Alright. So depending on the game, we are up to somewhere between 13ms and 58ms after our mouse was moved. The GPU just finished rendering and swapped the finished frame to the front buffer. What happens next is called scanout: the frame is sent out the DVI-I port over the cable and to the monitor.

If our monitor's refresh rate is 60Hz (as is typical these days), it will actually take something like 16ms to send the full frame to the monitor (plus there's about half a millisecond of "blanking" between frames being sent) giving us 16.67ms of transmission delay. In this case we are limited by the bandwidth capabilities of DVI, HDMI and DisplayPort and the timing standards put forth by VESA. So to send a full frame of anything to the display we will have 16.67ms of input lag added. Some monitors will display this data as it is received, but others will latch input meaning the full frame must be sent before it can be displayed (but let's not get too far ahead of ourselves). Either way, we will consider the latency of this step to be at least one frame (as the monitor will still take 16ms to draw the image either way).
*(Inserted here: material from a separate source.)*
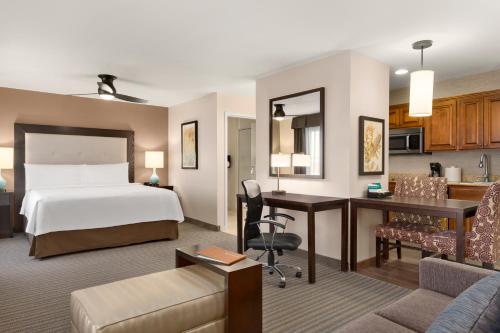 Homewood Suites by Hilton Fargo - image 3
So now we need to talk about vsync. Let's pretend we aren't using it. Let's pretend our game runs at a rock solid exact 60 FPS and our refresh rate is 60Hz, but the buffer swap happens half way between each vertical sync. This means every frame being scanned out would be split down the middle. The top half of the frame will be an additional 16.67ms behind (for a total of 33.3ms of lag). Of course, the bottom half, while 16.67ms newer than the top, won't have it's own top half sent until the next frame 16.67ms later.

In this particular case, the way the math works out if we average the latency of all the pixels on a split frame we would get the same average latency as if we enabled vsync. Unfortunately, when framerate is either higher or lower than refresh rate, vsync has the potential to cause tons of problems and this equivalence doesn't carry in the least.

If our frametime is just longer than 16.67ms with vsync enabled, we will add a full additional frame of latency (with no work being done on the GPU) before we are able to swap the finished buffer to the front for scanout. The wasted work can cause our next frame not to come in before the next vsync, giving us up to two frames of latency (one because we wait to swap and one because of the delay in starting the next frame). If our framerate is higher than 60 FPS, our GPU will have to stop working after rendering until the next vsync. This is a waste of resources and decreases overall performance, but definitely not by as much as if we use vsync at less than the monitor refresh. The upper limit of additional delay is 16.67ms minus frametime (less than one frame) rather than two full frames.

When framerate is lower than refresh rate, using either a 1 frame flip queue with vsync or triple buffering will allow the graphics hardware to continue doing rendering work while adding between 0 and 16.67ms of additional latency (the average will be between the two extremes). So you get the potential benefits of vsync (no tearing and synchronization) without the additional decrease in performance that occurs when no work gets done on the GPU. At framerates higher than refresh rate, when using a render queue, we do end up adding an additional frame of latency per number of frames we render ahead, so this solution isn't a very good one for mitigating input latency (especially in twitch shooters) in high framerate games.

Once the data is sent to the monitor, we've got more delay in store.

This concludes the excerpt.